Par exemple, selon SHRM, quand on demande aux employeurs pourquoi les employés quittent, l’une des réponses les plus fréquentes est la suivante : un poste mieux aligné avec leurs objectifs de carrière (pour 42,0% des répondants). Autrement dit, l’alignement de carrière et les perspectives d’évolution sont souvent des moteurs majeurs de rétention, pas seulement la rémunération!
Voici les principaux avantages d’une approche axée sur les données :
- Décisions plus objectives : réduction des biais et des suppositions.
- Actions plus proactives : identification des signaux de risque avant qu’il soit trop tard.
- Meilleure allocation des efforts : investissements là où l’impact sera le plus grand.
- Résultats mesurables : suivi de l’efficacité des initiatives avec des indicateurs concrets.
Cette approche permet aussi aux organisations de rester compétitives, même si elles n’ont pas les mêmes ressources que les très grandes entreprises.

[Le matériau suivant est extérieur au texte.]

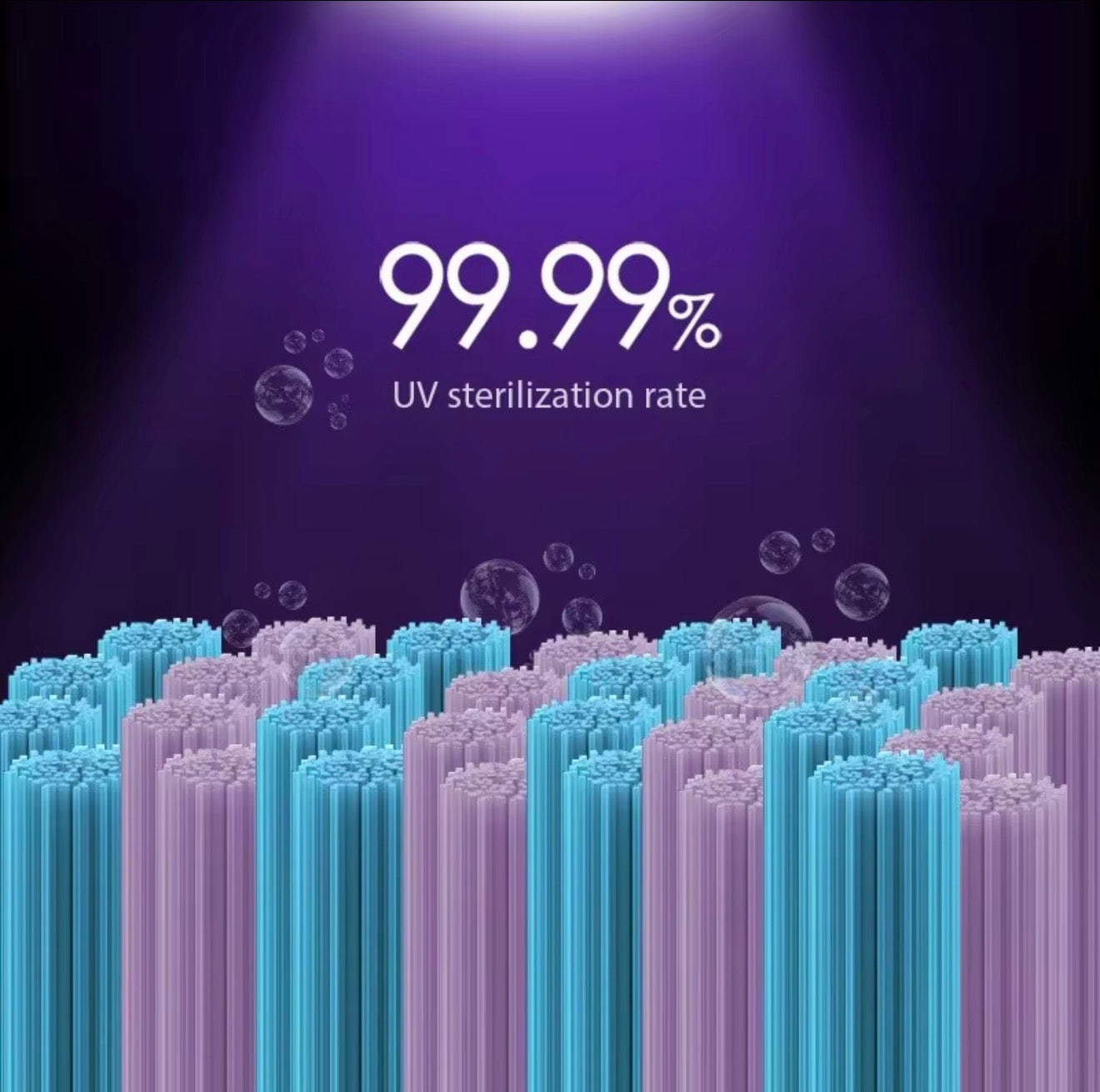 Support de Stérilisateur de Brosses à Dents UV Mural OEM – Rechargeable avec Minuteur, Désinfection UV Led sans Fil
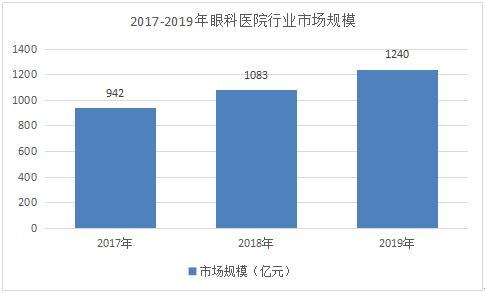 利好政策促使民营眼科医院竞争激烈 成都老牌眼科医院VS新晋眼科医院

5 indicateurs clés qui aident à prévoir la rétention
Suivre certains points de données aide à comprendre pourquoi les employés restent… ou partent. Voici cinq indicateurs utiles et généralement accessibles dans la plupart des organisations.
1) Le taux de roulement volontaire
Le taux de roulement mesure combien d’employés quittent l’organisation sur une période donnée (souvent une année). Le roulement volontaire signifie que l’employé choisit de partir; le roulement involontaire correspond aux départs initiés par l’employeur.
Ce taux se calcule en divisant le nombre de départs par le nombre moyen d’employés, puis en multipliant le résultat par 100. Si le taux dépasse la norme du secteur, c’est un signal potentiel de problème de rétention.
2) Le eNPS (Employee Net Promoter Score)
Le eNPS provient de sondages qui mesurent la motivation, la satisfaction et le sentiment d’appartenance. Les baisses d’engagement apparaissent souvent avant qu’une personne décide de quitter.
Ces sondages sont généralement anonymes et faits une à deux fois par année. On compare ensuite les résultats entre équipes et dans le temps.
3) Les évaluations de performance
Les évaluations de rendement permettent de voir dans quelle mesure les employés atteignent les attentes fixées. Les personnes très performantes et celles en difficulté peuvent être à risque, mais pour des raisons différentes : manque de reconnaissance ou de perspectives d’un côté, manque de soutien de l’autre.
4) Le “time to productivity” (temps pour atteindre la pleine productivité)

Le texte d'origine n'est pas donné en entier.